Communicating with your current MP will help you achieve the best representation possible at this point, and will also help you to learn more about them, so you can help voters to be better informed about the candidates when voting at the next election. And after the election one of the other candidates may be your MP, so you’ll be better off if you have already talked with them about your group and its aims.

This section first addresses how to communicate with your current MP and then looks at communication with other candidates.

Initial communication with your MP

We suggest that, as a newly forming electorate action group you make initial brief contact with your MP to introduce yourselves. This may consist of an email or letter to the MP, and you may also seek a brief meeting. Some things you might cover in this communication are:

  • your broad aims
  • that you want to work with the MP
  • that you recognise that representing such a large and diverse population is complex and difficult, and you aim to assist in this regard by bringing individual and collective views and needs of constituents to the MP’s attention
  • your immediate plans to arrange kitchen table conversations and then produce a report on what participants say in these
  • that you will get in touch again to provide the MP with a copy of this report, to seek their response, and to have further communications from then on.
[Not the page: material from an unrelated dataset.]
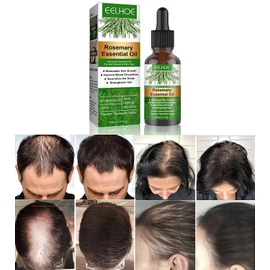 Aceite Natural de Romero para la Caída del Cabello Aceite de Romero para el Crecimiento del Cabello, Dañado Estimula el Crecimiento del Cabello Cuida el Cuero Cabelludo Seco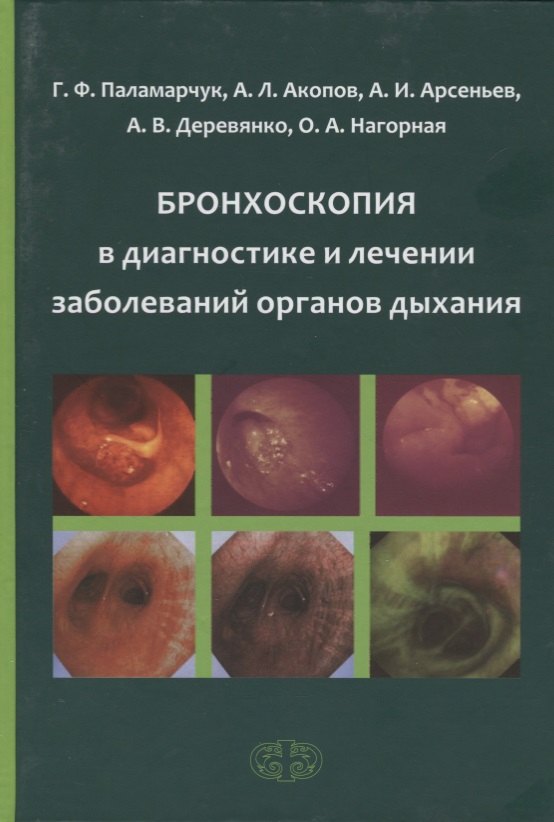 

Бронхоскопия в диагностике и лечении заболеваний органов дыхания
If the MP at that point wants to know what particular issues are concerning you, we suggest you say that your group (and other groups) are being formed out of a general concern that Australians are losing faith in politics and politicians. Many voters don’t like how politics is being conducted, and they don’t feel that MPs, parties and governments are responding sufficiently to their needs and views. You might add that you believe that citizens in each electorate can work with elected representative to address these issues. It’s best at this point to avoid discussing specific policy areas because you haven’t yet arranged kitchen table conversations to hear what constituents have to say.

You may dislike your MP and think they are doing a terrible job. But we strongly suggest that, whatever you think of them, you act civilly and be open to the possibility that they care about serving constituents. Acknowledge good things they (or their party) have done if you can truthfully do this. If you are openly hostile they will probably just refuse to meet with you from that point.
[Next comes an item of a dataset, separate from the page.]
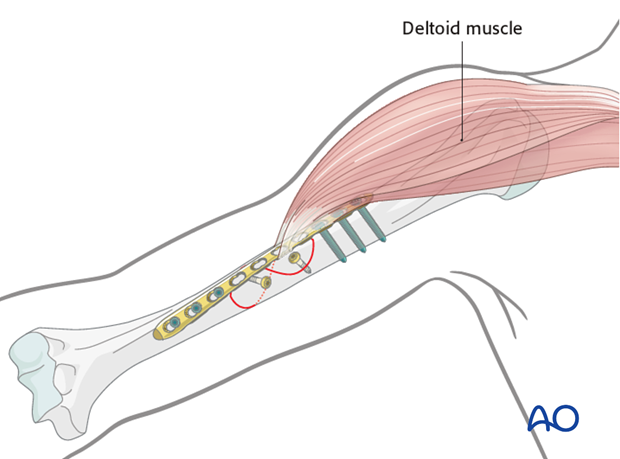 The plate may need to be contoured and/or twisted to form a helix.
It’s also important to convey that your group is something more than a sectional interest. Rather, your goal is to strengthen democracy and to increase voter participation in the political life of the electorate, and you intend to be around for some time. But don’t overclaim your reach or influence based on what you would like it to be, as the group may not be taken seriously if you don’t live up to this.

Do your homework before each meeting or communication with your MP. What do you need to know about the MP for that specific occasion in order to make it successful? For example, you may need to research their publicly stated views and voting record on a particular issue to be discussed. This section can help you do this.

Protocol for communicating with MPs, and what you can request of them

There are accepted protocols and procedures for communicating with MPs. These are well described in this online guide produced by Oxfam Australia, so we strongly recommend you read this before making contact with your MP. It also tells you what you can ask of your MP. For example, you can ask them to raise an issue on your behalf with the relevant minister or shadow minister, or to raise it in a party meeting. Here is some other useful information about contacting MPs from the Australian Parliament website.

However, it should be added – so that you don’t have unduly high expectations of such meetings – that party MPs are very unlikely to do anything that openly challenges their party’s policies and procedures, even if they disagree with them. But change is very possible in two ways. First, party MPs can speak up for or vote for change within their parliamentary party meetings, and if this occurs then all the party’s MP will vote for it in parliament. And second, in a longer time frame, electorate groups (individually and collectively) can campaign for parties to adopt broader changes, such as systematically consulting voters when formulating policies and preselecting candidates, and generally behaving more civilly and respectfully. We may face strong resistance to such changes along the way, but if our movement is big enough and coherent enough we will have a good chance of succeeding in the end.

In the shorter term, though, there are things you can expect your MP to do. Whatever their attitude may be to issues you raise, it is their job to represent you. Thus, you can request that they ask specific questions of a minister or shadow minister on your behalf, or raise specific issues in their party room, guided in your choice of issues by constituents’ priority issues expressed in the kitchen table conversations.

Communicating with other candidates

One of the other candidates may become your MP after the next election. They can also help to decide who wins through the way they distribute their preferences. Your group needs to inform voters about other candidates: the policies they support, their work and life experience, their knowledge and skills, and what sort of people they are, so that voters can then make a more informed choice at the ballot box. And by being in communication with them you may also influence how they see and do politics.

Many candidates don’t declare their candidacy until a short time before the election, so the time within which you can work with them may be limited. Also, it’s reasonable to give more attention to those candidates who have more chance of winning, or whose preferences may be more crucial.